海街Diary


 弾丸海外出張から帰国すると、やはりほっとする。今回は出張先のロンドンで、パリで起きたテロ事件をTVニュースで知った。英語の字幕と英語の解説は半分か、それ以下しか理解できず心許無い。心細さを誘われる。実際にはロンドンからの帰国にテロ事件の影響は皆無だったが、帰国をすると、何度も海外出張に行っていても、いつでもほっとするものだ。ロンドンの土曜にはずっと冷たい雨が降っていた。
 海外でも国内でも、羽田に戻ったときには京急リムジンで藤沢まで乗るのが好きだ。電車を乗り継いで帰るよりも運賃は高いし時間もかかるが、それでもリムジンバスの進行方向を向いた左側の席に座り、ぼんやりと外を眺める時間を過ごしたくてバスを選ぶ。
 今日のように暮れ時に、鶴見つばさ橋や横浜ベイブリッジから、湾に停泊している船と淡いピンク色の混じった空が作る風景を見ると、帰国の安心もあってか優しい気持ちになる。

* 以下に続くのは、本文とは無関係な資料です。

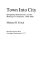 Town into city; Springfield, Massachusetts, and the meaning of community, 1840-1880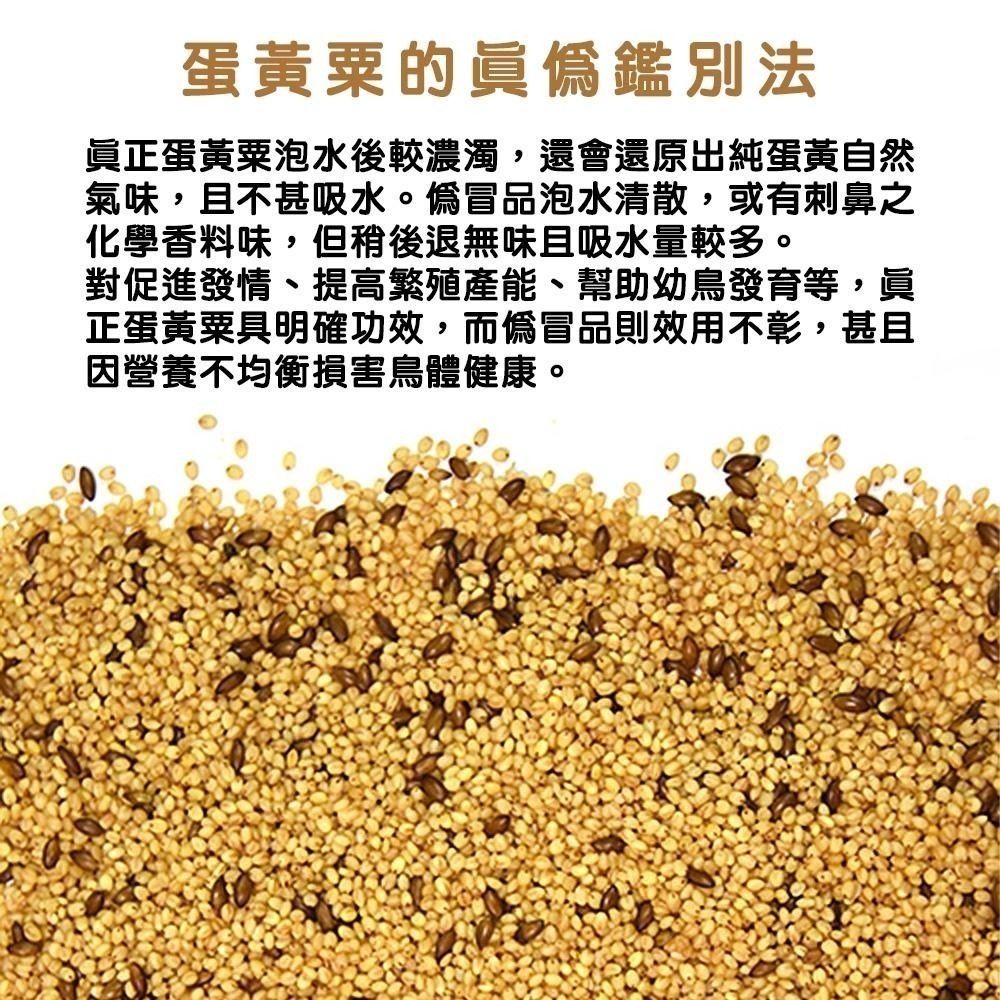 合美健蛋黃粟No.9 500g 6個蛋黃的營養 中小型鳥幼鳥雛鳥 繁殖發育換毛 合美健9 鳥飼料 鸚鵡飼料 典贊創意-細節圖5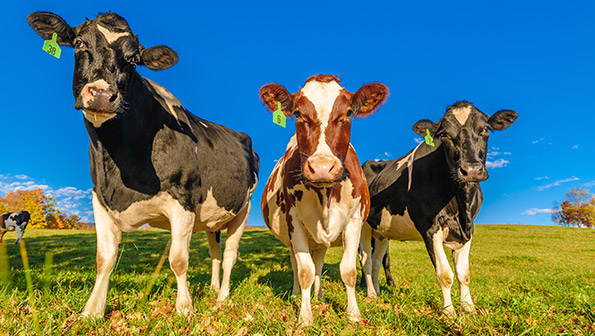 A Field of Cows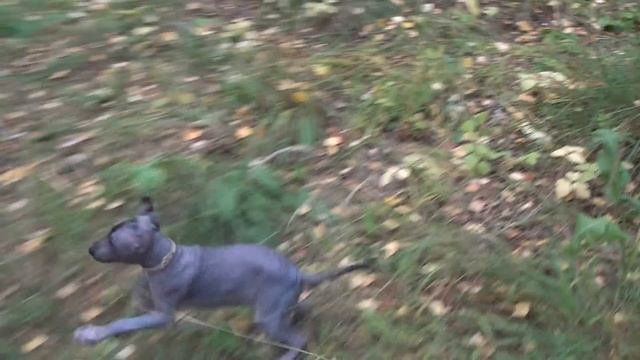 ксолоитцкуинтли ксоло Xoloitzcuintli, Xoloitzcuintle, Xoloitzquintle,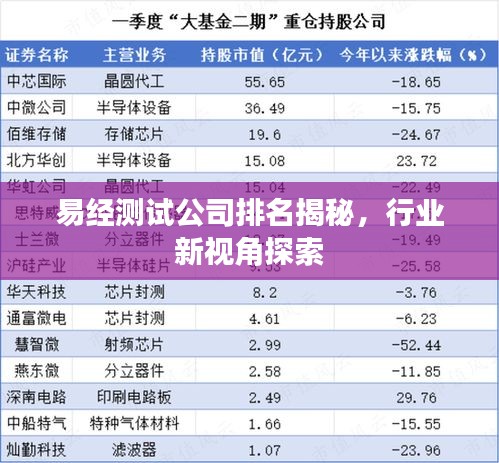 易經(jīng)測試公司排名揭秘，行業(yè)新視角探索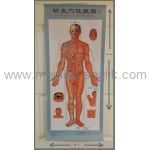 Akupunktur Ignesi Diger Akupunktur Malzemeleri Sujok Yuzugu Akupunktur Yuzugu Altin Yuzuk Www Medikal Saglik Com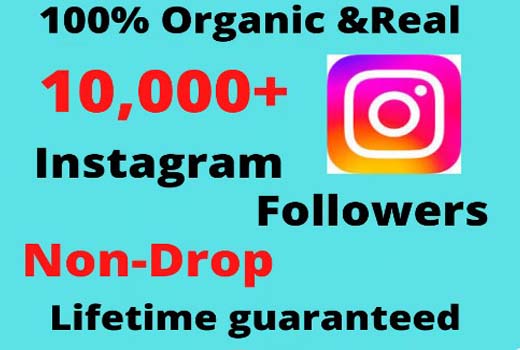 You will get Real And organic Non-Drop 10k instagram profile followers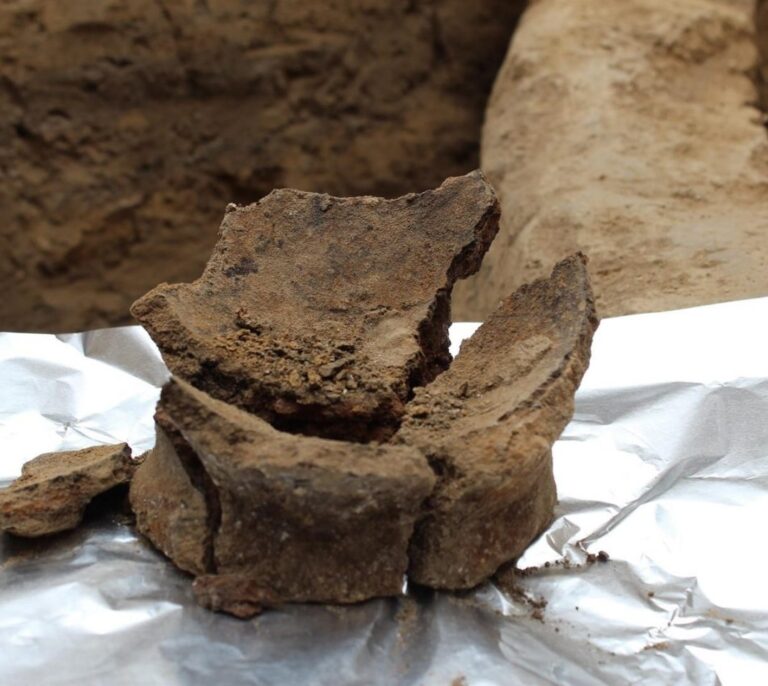 Un vino del Neolítico, el primer caldo de la humanidad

 飛行機の中で是枝監督の映画「海街Diary」を鑑賞する。
http://umimachi.gaga.ne.jp/
 鎌倉が舞台の映画で、ロケ地のほとんどがどこだか判る。それもまた面白い。
 是枝作品にしては、実際には起きるだろうのっぴきならないようなところ、もっとあるはずのどろどろとした人間模様のようなところ、そう言う場面を具体的に描くことをあえて意識的に外して、ほのめかしていく。ほのめかされた物語を忘れずに、それを層にして見失わずに見切れるかどうかを試されているような映画。小さな哀しみが集まっているのに、総じるとそれが暖かさに変わる。不思議な作り・・・いや、そういうのが暮らしと言うことなのかな。直面しているときには一つ一つがのっぴきならなくても、過ぎてしまったのっぴきならなかったことが集まると、それが懐かしさや暖かさに変容する。